→ THE PROBLEM: Using the records below, copy exactly the part that opens with the line holding "어제밤 악성코드 문의한 사람입니다. .(제어판 프로그램..." and closes with the line holding "Code positions for product numbering", minus the pictures.

→ AVAILABLE RECORDS:
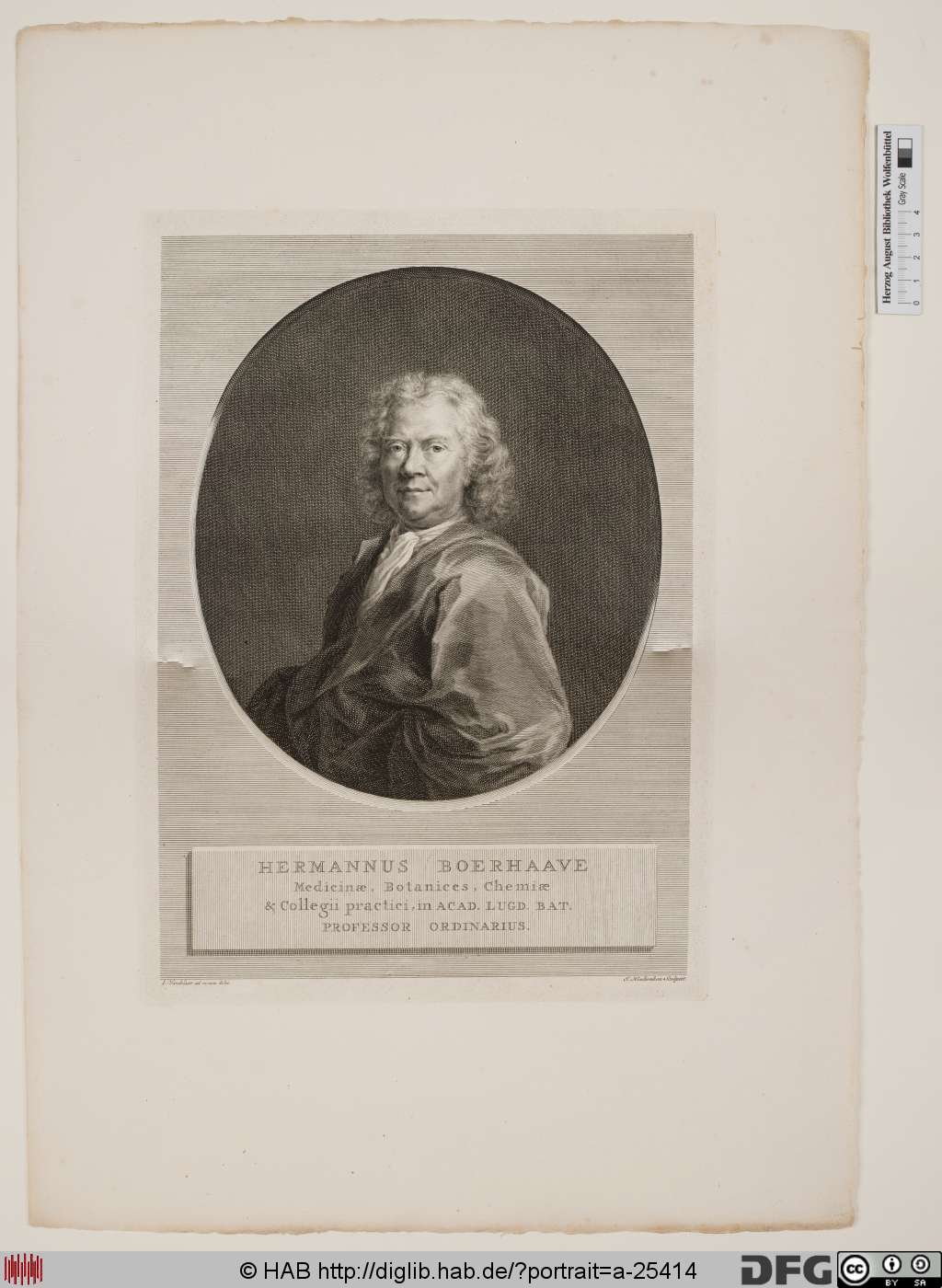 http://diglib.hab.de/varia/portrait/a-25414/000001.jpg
==
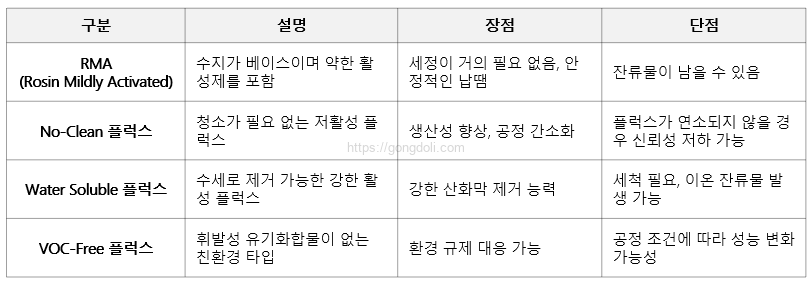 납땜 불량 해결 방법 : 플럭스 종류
* * *
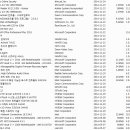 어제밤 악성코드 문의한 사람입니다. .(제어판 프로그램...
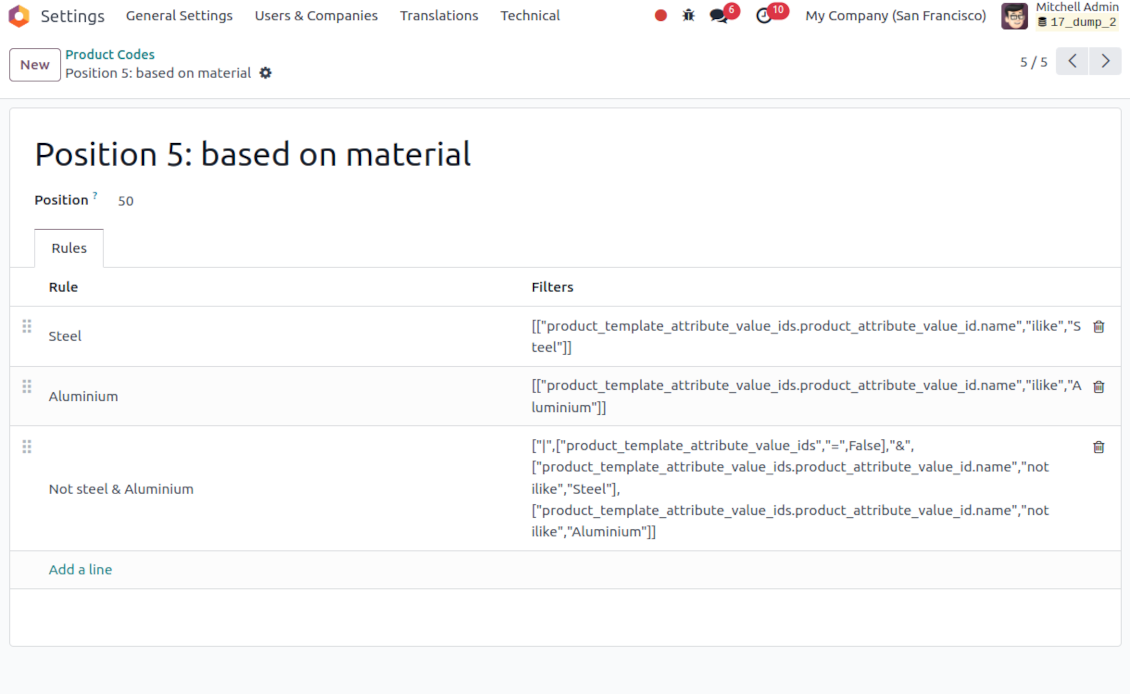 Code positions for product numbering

→ WRITTEN RESPONSE:
 어제밤 악성코드 문의한 사람입니다. .(제어판 프로그램...
 Code positions for product numbering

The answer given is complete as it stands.